Murray took up a position with QPR. Harry Redknapp promoted him from an academy role to the first team, where he worked during the club's time in the Premier League. His first medical was Charlie Austin. Though he has spoken well of his time working with Redknapp, Murray became disillusioned with the politics of football. He parted ways with QPR.

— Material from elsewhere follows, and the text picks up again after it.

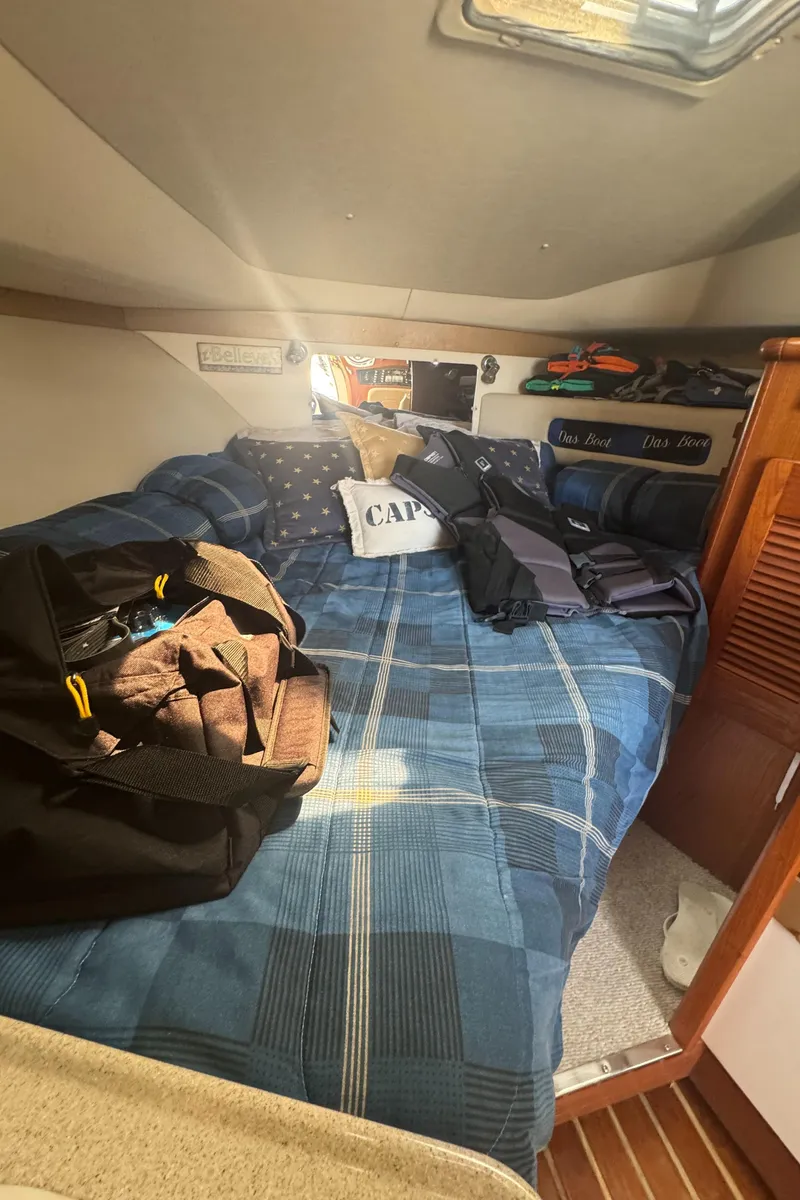 Slide: The Image of Cozy cabin interior of 2002 Pursuit 3000 Express with plaid bedding and nautical decor. - 22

Murray then founded the London-based Remedy clinic among whose clinets have been rock star Dave Grohl and numerous athletes, including "a French international, a World Cup winner" whom Murray declined to name. Murray does not discuss his clients. His work with Grohl (whom Murray spent about six months with following a 2015 broken leg) became public knowledge after the rock star thanked him in media interviews in 2017 and even dedicated a song to Murray on stage at a 2019 RDS show. Murray said in 2020: "I had offers from Premier League clubs to go in as physio over the last few years but there is no job that would bring me back there as the work I do now [with Remedy] is the way I want to work with a client, if that's an athlete or anyone, we treat them the way they should be treated".